Step by step solution

01

a) Finding the rate at which radiant energy is emitted

Given, total emissive power, \(E_o = 4000 W/m^2\) and area \(\Delta A_o = 5 \ mm^2 = 5 \times 10^{-6} \ m^2\). To find the rate at which radiant energy is emitted, we can use the formula: \[q_{emit} = E_o \times \Delta A_o\] \[q_{emit} = 4000 \times 5 \times 10^{-6}\] \(q_{emit} = 0.02 W\)

02

b) Finding the intensity of the radiation field emitted

Since the radiation field is diffuse, we can use the formula for intensity as follows: \[I_{o,e} = \frac{E_o}{\pi}\] \[I_{o,e} = \frac{4000}{\pi}\] \(I_{o,e} = 1273.24 W/m^2\)

03

c) Obtaining an expression for \(q_{\text {emit }}\)

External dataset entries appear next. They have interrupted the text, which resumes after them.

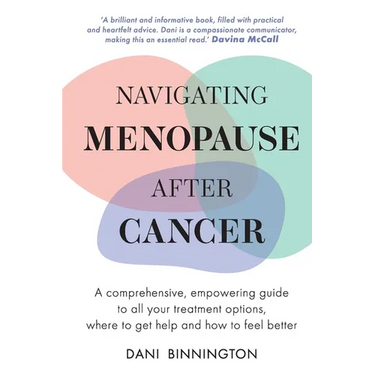 Navigating Menopause After Cancer - A comprehensive, empowering guide to all your treatment options, where to get help and how to feel better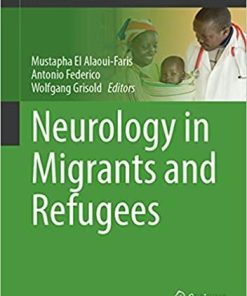 Neurology in Migrants and Refugees (Sustainable Development Goals Series) 1st ed. 2022 Edition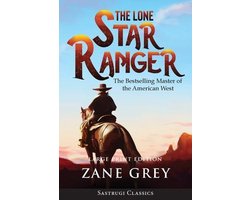 The Lone Star Ranger (Annotated) LARGE PRINT
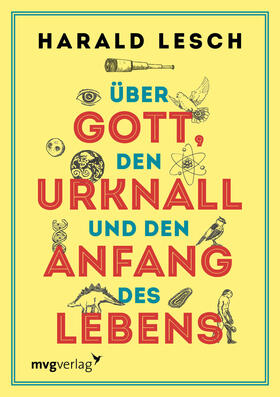Lesch | Über Gott, den Urknall und den Anfang des Lebens | Buch | 978-3-7474-0008-1 | sack.de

To find an expression for \(q_{\text{emit}}\), we need to perform integration over the surface A and solid angle, which is given by the following equation (12.13): \[q_{\text{emit}} = \int_{A}^{}\int_{2\pi}^{}\int_{\pi /2}^{0} I_{o,x}(\theta, \phi)r^2 \sin \theta d\theta d\phi dA_1\] Since the intensity is independent of radius for any \((\theta, \phi)\), the expression becomes: \[q_{\text{emit}} = I_{o, x} \int_{A}^{}\int_{2\pi}^{}\int_{\pi /2}^{0} r^2 \sin \theta d\theta d\phi dA_1\]

04

d) Finding the rate at which radiant energy is incident on the surface

The conservation of energy requirement tells us that the rate at which energy is emitted by the surface must be equal to the rate atwhich it is received by the hemisphere: \[q_{\text{incident}} = q_{\text{emit}}\] Therefore, the rate at which radiant energy is incident on the hemispherical surface is also \(0.02 W\).

05

e) Finding the radiant energy intercepted by \(\Delta A_2\) and irradiation

We can use Equation 12.10 to determine the rate at which radiant energy leaving \(\Delta A_o\) is intercepted by the small area \(\Delta A_2\) and find irradiation on \(\Delta A_2\): \[q_{12} = I_{o,e} \cos (45^\circ) \cdot \frac{\Delta A_o \Delta A_2}{r^2}\] To find the irradiation on \(\Delta A_2\), we can use the following relation: \[G_2 = \frac{q_{12}}{\Delta A_2}\]

06

f) Finding radiant energy intercepted and irradiation at location \((0^\circ, \phi)\)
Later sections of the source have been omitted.